That was the title to a great article in Educational Leadership (May 2010). In it Catherine Huber describes how educators usually share info in schools to promote professional learning. She paints three scenarios.
Let’s start with scenario 1: The author writes, “The principal finds a great article or book. She creates a routing slip to circulate the information among a select group — or, on a highly ambitious day, among the entire staff. The resource typically ends up either in someone’s take-home bag mixed among papers to correct or in a to-do pile, one of many around the room.”

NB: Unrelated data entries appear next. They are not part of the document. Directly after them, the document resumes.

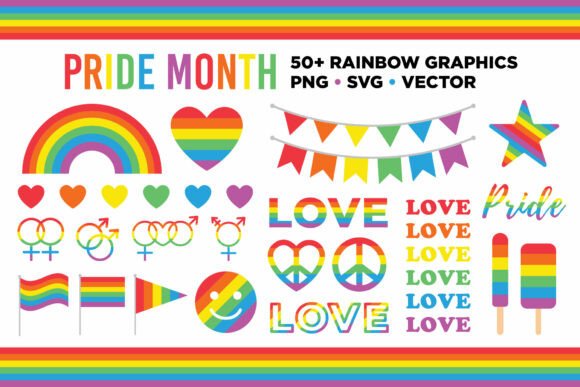 Rainbow Love Pride Clip Art Set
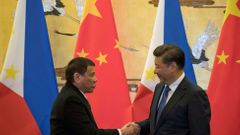 Filipínský prezident Rodrigo Duterte a čínský premiér Li Kche-čchiang
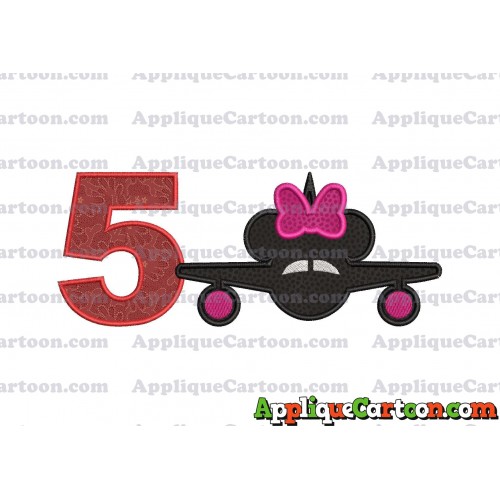 Minnie Airplane Disney Applique Design Birthday Number 5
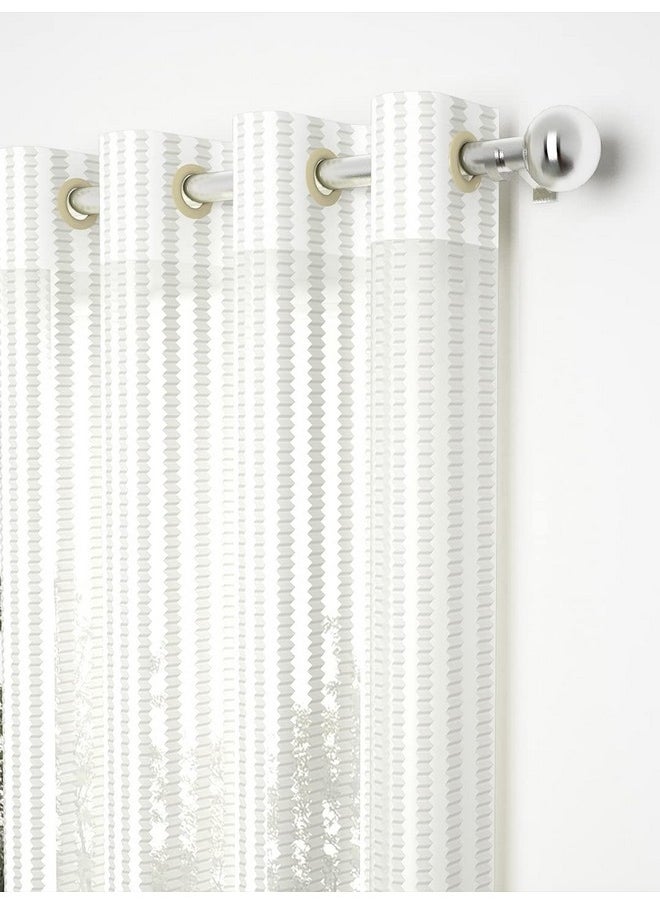 Story@Home Story@Home Crystal Long Door Curtains 9 Feet Set of 2, Polyester Zic Zac Print Transparent Long Door Curtains for Living Room, Bedroom, Kids Room, 118 x 275 cm, White, Perfect for Festive Gifting  - Image 2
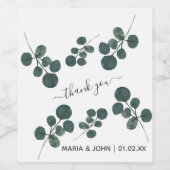 Waterverf Eucalyptus Green Hartelijk dank Wijn Etiket (Enkel label)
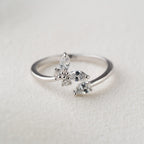 Minimal Floral Spark Ring with Crystal Petals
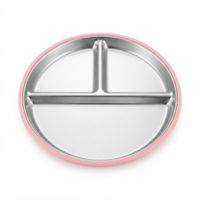 Plato de Acero con 3 divisiones Fucsia con base de Goma Antideslizante 24.5 cm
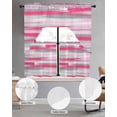 thumbnail image 2 of Pink Gray Stripes Swag Kitchen Curtains Sets for Windows 24 Inch Length, Watercolor Modern Abstract Minimalist Short Window Curtain Panels Swags Valances and Tiers 3 Piece Set for Cafe/Dining Room, 2 of 5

This happened recently, and my quiet attempts to bring it up (I’ve blogged about this book, brought it up at meetings, and asked to include a discussion about it on an agenda), were to no avail. Time to give up, I suppose. But I want that discussion. I want to “search and find, to fail and learn, to risk and succeed in a changing world.” (part of my school’s values statement). I don’t want to let this go. I’m not sure what to do? School tend to have this culture of ‘niceness’ (or not being direct). Those who are direct are seen as complainers or ‘too vocal.’ I don’t want to seem either, so I ask again, what to do? How does one change this culture? It’s time. Maybe this is a failure and I just have to figure out what I’ve learned. No big deal – moving on to the next scenario.
Scenario 2 paints a scene of a teacher coming back from a great conference talking about it to their colleagues at lunch, but it is all forgotten by the time everyone returns to their classrooms.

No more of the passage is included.